Segment Start: Material provided

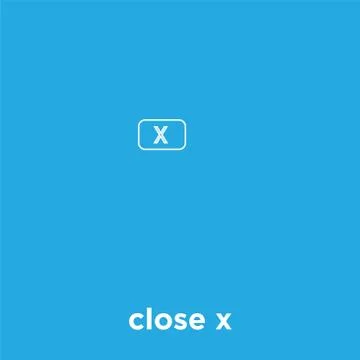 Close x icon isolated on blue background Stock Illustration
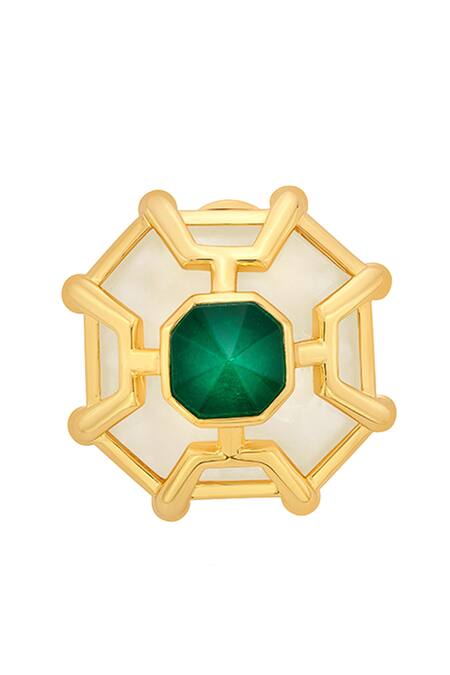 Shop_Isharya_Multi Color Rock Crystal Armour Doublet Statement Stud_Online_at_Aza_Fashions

Segment End: Material provided
Segment Start: Material provided

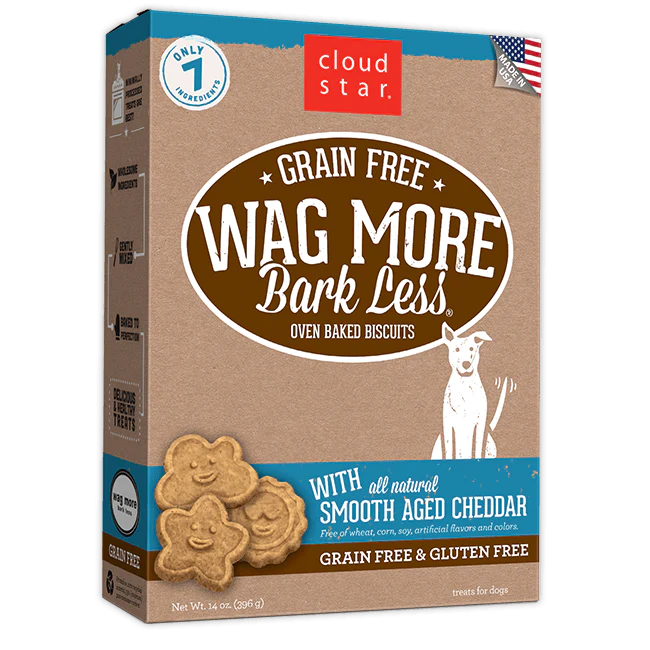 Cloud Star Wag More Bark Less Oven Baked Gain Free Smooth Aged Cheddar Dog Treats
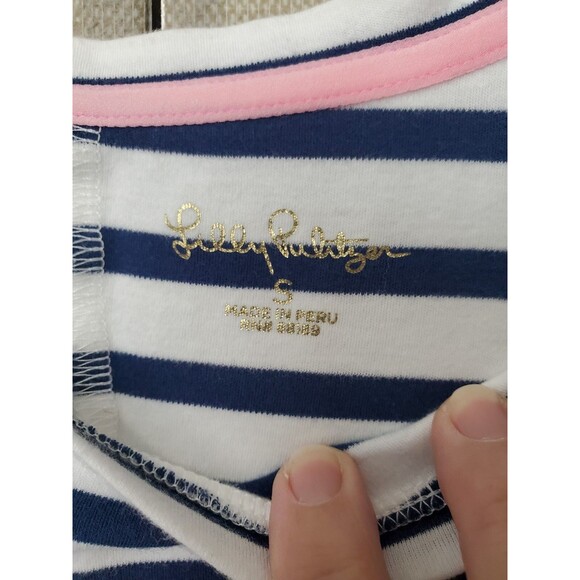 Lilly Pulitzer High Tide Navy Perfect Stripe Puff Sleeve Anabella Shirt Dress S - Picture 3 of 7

Segment End: Material provided

Work item:
Within the listing above, the stretch from the line with "Cloud Star Wag" down to the line with "Lilly Pulitzer High" is to be given again exactly, end lines included and pictures excluded.

Expected output:
 Cloud Star Wag More Bark Less Oven Baked Gain Free Smooth Aged Cheddar Dog Treats
 Lilly Pulitzer High Tide Navy Perfect Stripe Puff Sleeve Anabella Shirt Dress S - Picture 3 of 7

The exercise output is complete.